And part of it is undoubtedly luck. I “discovered” him when I was 14. That will sometimes do it. I hear that some animals will adopt whatever face they first see as their mother—so something like that obviously happened. But, the truth is, I’d had lots of powerful musical experiences before I saw my first Chuck Berry concert. I remember going crazy over Otis Redding’s stuttering climax to “Try a Little Tenderness” when I was only 12 or 13. I remember the same feeling when the bass jumped in at the end of Sly Stone’s “Stand.” One of my earliest concerts was a young B. B. King, who put on a thrilling show at the California State Fair of all places. And I’d paid due attention to The Beatles, The Rolling Stones, and all of the popular acts who were actually good.

So I think that the real clue came earlier this year when an archivist in Sacramento dug up the date of that first live Chuck Berry show that I saw at the Sacramento Memorial Auditorium. It was mid-February 1971. I was 14. And within a few weeks my father would die.

He was probably dying at the time.

My father was pretty different from Chuck Berry. He was way older—born in 1901. He was white. He wasn’t thin—at least by the time I knew him.

The only song I ever heard him sing was something called “Down Among the Dead Men.” (Actually, that sounds a bit like “Downbound Train.”) He didn’t play music, but he seemed to like it. I know he went to see Louis Armstrong several times when I was a little kid.

And he drank way too much.

He was an alcoholic, and that’s what ultimately killed him.

I was the youngest of his seven children. When I was little he was, of course, my hero. And he was a worthy hero—a nice, nice man, funny, a former athlete with a host of famous ex- ball players as friends. (They used to come to our house on his birthday and get drunker than skunks. We tended to leave.)

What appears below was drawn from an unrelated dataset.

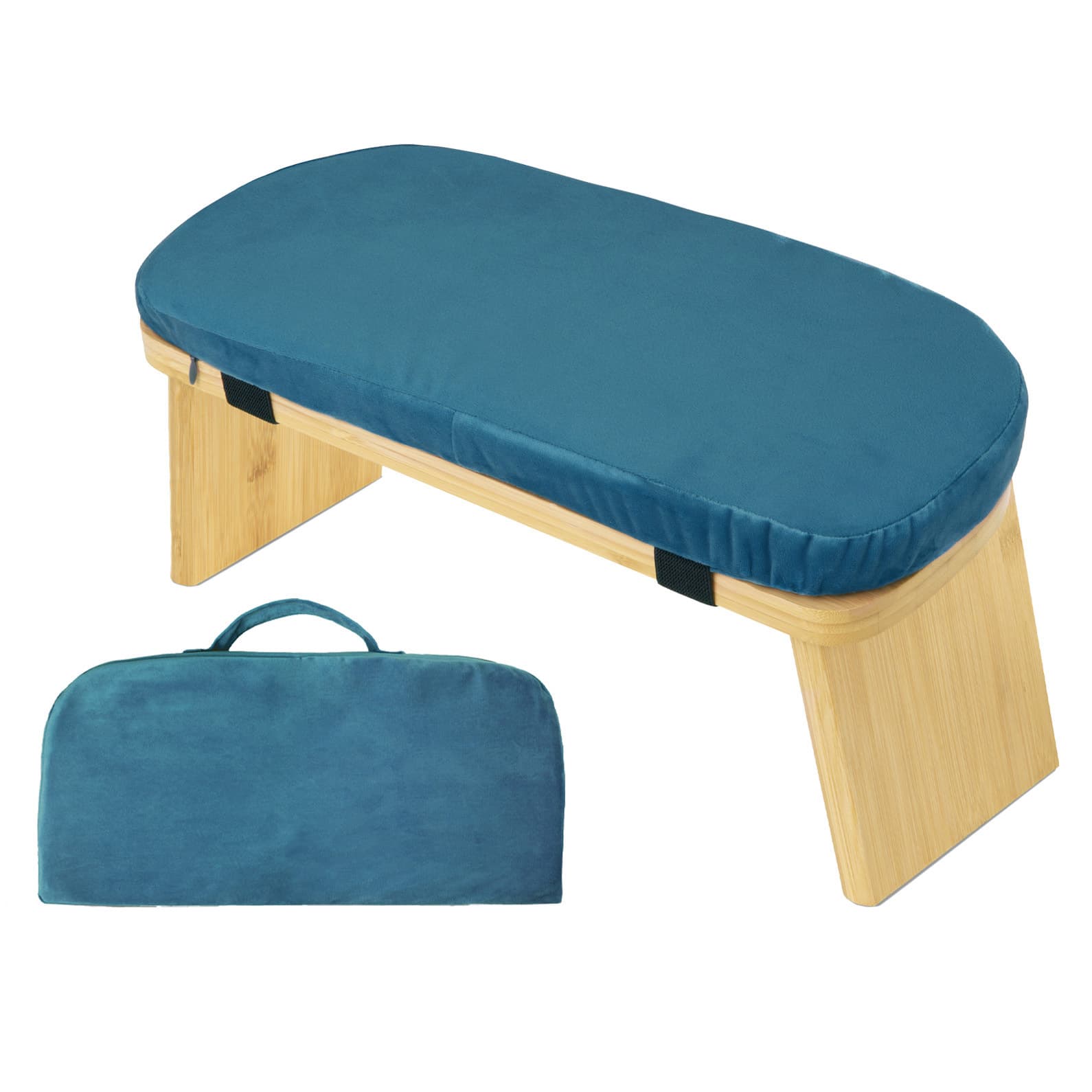 Blue Foldable Wooden Meditation Stool with Padded Cushion 45 × 21 cm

He was well known in his home town, with more friends than he could recognize. We’d be accosted by some guy, they’d talk for ten minutes, and as we’d walk away my dad would ask my mom “Who WAS that guy?”

He was on the right side of all things political. He was a Democrat. He was for working people. He was for civil rights. He was against Nixon.

Unfortunately, by the time I turned into a budding teenager his drinking had become such a problem that whatever was good about him was usually overwhelmed by the evil of the alcohol. He never became angry or violent, but he lost a lot of dignity. We’d find him on the floor unable to get up. He’d lose his mind for a few days or a few weeks. There was a time he began to speak “Indian talk,” which he kept up for several days for reasons only he understood. I was just a kid, and it was more than I could handle.

Around this time, my brother Stevo first told me about Chuck Berry.

I was probably not the intended recipient of the wisdom. My other brother Danny must have been there. But I heard and retained all of it.

There was this guy Chuck Berry.  He’d played recently at the Fillmore.  Stevo saw him.  Stevo said that he was more important than Elvis, and better.

And he talked about Chuck Berry’s roots, and the show he’d put on, which had been steeped in the blues. And what I remember is that he said “He’s not really a blues man, but he grew up with all that, that’s where he came from, and he plays it well.”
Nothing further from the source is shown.